Case Name: Galle et al. v. Tode et al.
Court: New York Supreme Court, General Term
Jurisdiction: New York
Decision Date: 1891-05-15
Citations: 14 N.Y.S. 531
Docket Number: 
Parties: Galle et al. v. Tode et al.
Judges: 
Reporter: West's New York Supplement
Volume: 14
Pages: 531–532

Head Matter:
Galle et al. v. Tode et al.
(Supreme Court, General Term,, First Department.
May 15, 1891.)
1. Fraudulent Conveyances—Actions to Set Aside—By Whom Maintainable.
An unsecured creditor at large cannot maintain a creditors’ bill to set aside alleged fraudulent confessions of judgment by his debtor in favor of other creditors.
2. Attachment—When Granted—Preferring Other Creditors.
Defendants, being in financial straits, converted their concern into a corporation, with the view of gaining time, but were informed by counsel that the transfer of their property to the corporation was fraudulent as to creditors, and would be set aside. They then had a meeting with their creditors, and assured them that all should be treated equally, and no preferences made. Thereafter the corporation retransferred its property to defendants, who thereupon confessed judgment in favor of certain creditors, caused executions to be issued thereon, and then issued a call inviting creditors to settle. Held that, defendants having lulled their creditors at large into security by promising a settlement without preferences, their subsequent confessions of judgment in favor of other creditors, though made upon bona fide claims, were fraudulent and void, and constituted grounds for an attachment at the suit of such unsecured creditors at large.
Appeal from special term, New York county.
Action by Samuel Galle and another against Adolph Tode and others to set aside alleged fraudulent confessions of judgment made by defendants. Defendants appeal from an order continuing an injunction and from an order denying motion to vacate attachment.
Argued before Van Brent, P. J., and Daniels, J.

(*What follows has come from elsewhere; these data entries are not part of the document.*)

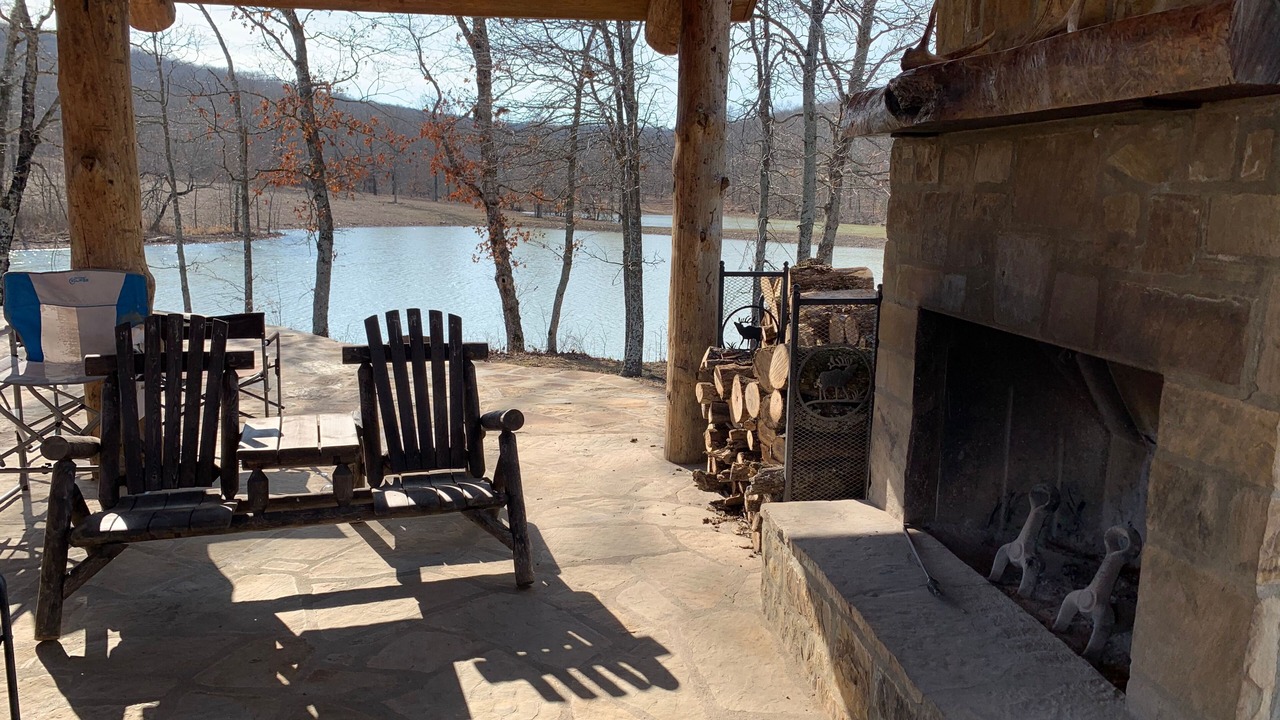 Photo of Patio Balcony in Stilwell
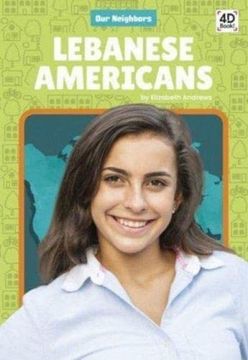 portada Lebanese Americans (in English)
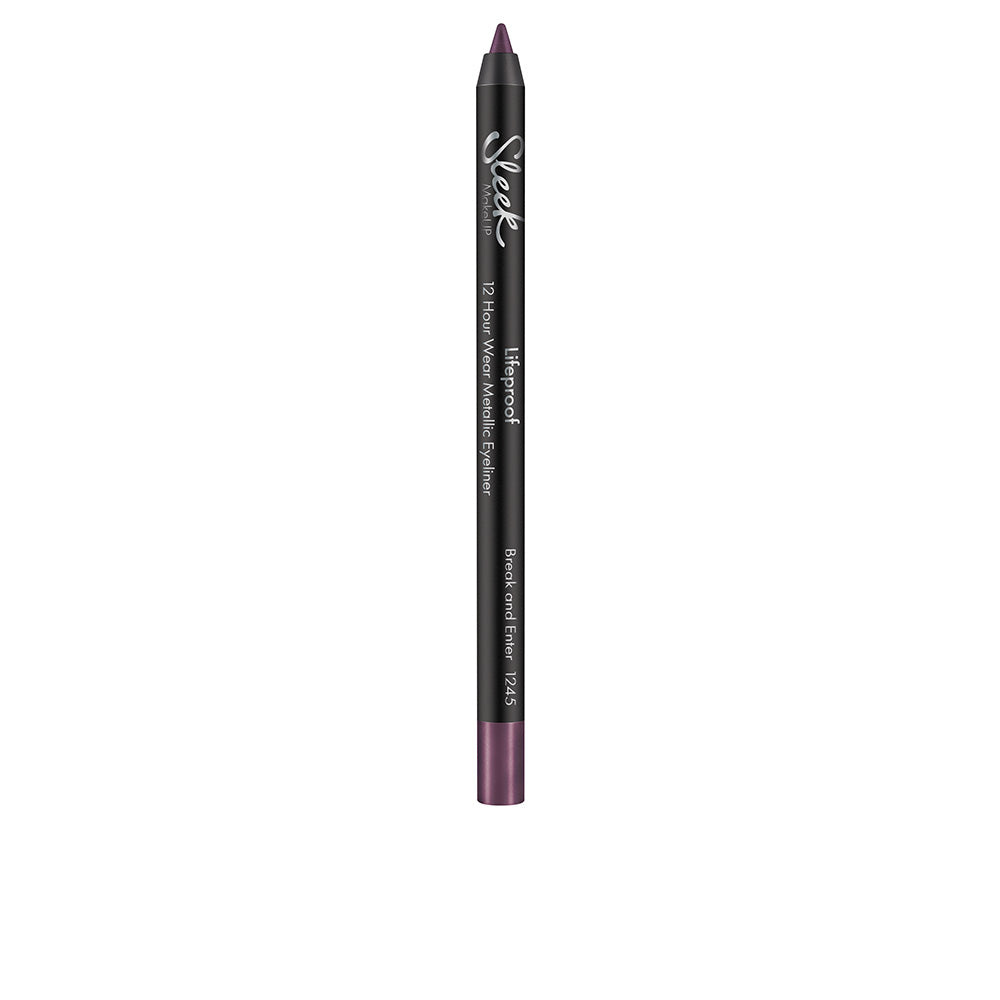 Sleek LIFEPROOF 12h wear khol eyeliner #Break and Enter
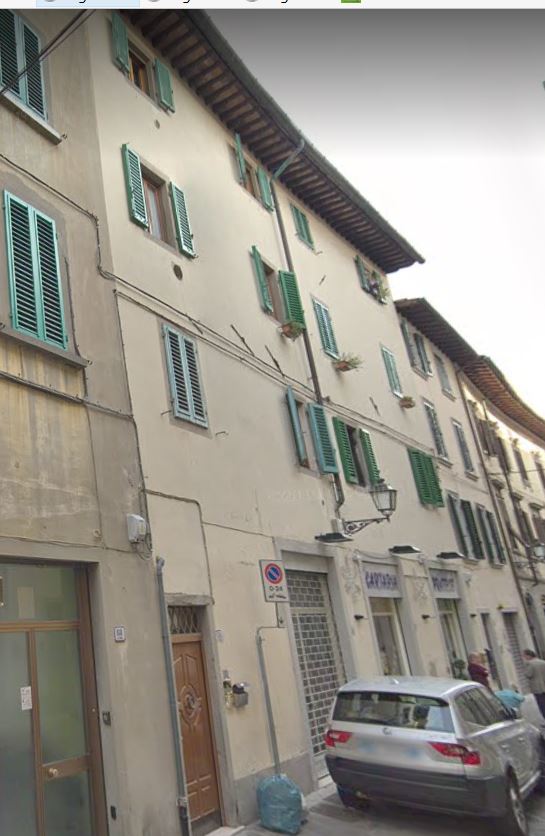 [Palazzo in via Carraia 58]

Hahn & Myers, (Emanuel J. Myers, of counsel,) for appellants. Simpson & Werner, (Nathaniel Myers and A. J. Simpson, of counsel,) for respondents.

Opinion:
Van Brent, P. J.
The plaintiffs are attaching creditors of the defendants Tode & Walling, and certain other defendants are judgment creditors by confession of the defendants Tode & Walling, upon which executions had been issued to the defendants the sheriffs of the counties of New York and Orange. The plaintiffs, alleging said confessions to be fraudulent, have brought this action in aid of their attachment, seeking to have the said confessions and judgments declared fraudulent, and to have the sheriffs aforesaid restrained from proceeding under the executions above mentioned; and asking that the defendants account to the receiver, and when a judgment shall have been recovered by the plaintiffs against the defendants Tode & Walling, in the action in which the attachment is granted, that it be first paid out of the assets, property, and effects of said defendants Tode & Walling. In other words, the plaintiffs have brought a creditors' bill to set aside these confessions of judgment upon the ground of fraud, and to reach the property which has been levied upon under the executions issued upon said confessions, being simply creditors at large, having no judgment or execution returned unsatisfied. That such an action cannot be maintained has been the law in this state certainly ever since the case of McElwain v. Willis, 9 Wend. 549. It was recognized in the cases of Adsit v. Butler, 87 N. Y. 585; Adee v. Bigler, 81 N. Y. 349; Carpenter v. Osborn, 102 N. Y. 558, 7 N. E. Rep. 828; and Claflin v. Gordon, 89 Hun, 54, The plaintiffs, therefore, are not in a position to maintain this action for equitable relief, and the order continuing the injunction must be reversed, and the motion denied; but, in view of the fact that the point was not raised in the court below or even suggested, and, as far as we have been able to discover, not made upon the brief submitted upon this appeal, the reversal should be without costs.